::: Entries supplied :::

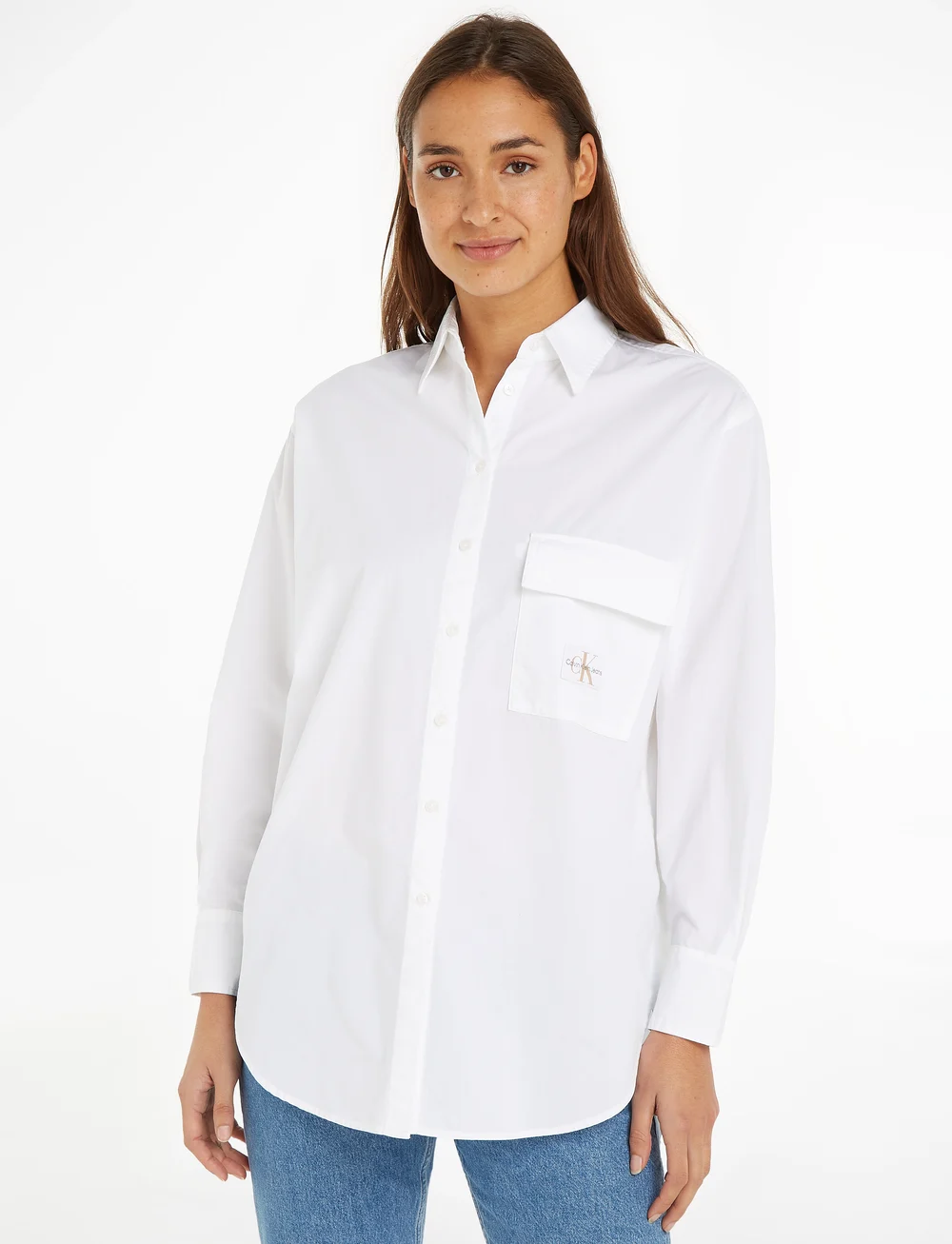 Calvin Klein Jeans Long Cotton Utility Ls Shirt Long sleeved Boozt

:::
::: Entries supplied :::

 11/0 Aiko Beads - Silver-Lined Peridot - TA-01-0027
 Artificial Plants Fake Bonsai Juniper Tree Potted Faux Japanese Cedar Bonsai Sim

:::
::: Entries supplied :::

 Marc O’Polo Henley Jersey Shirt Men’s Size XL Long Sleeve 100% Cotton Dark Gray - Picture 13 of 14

:::

Looking at the data above, return every line from the one with "11/0 Aiko Beads" down to the one with "Artificial Plants Fake", exactly and inclusively.

 11/0 Aiko Beads - Silver-Lined Peridot - TA-01-0027
 Artificial Plants Fake Bonsai Juniper Tree Potted Faux Japanese Cedar Bonsai Sim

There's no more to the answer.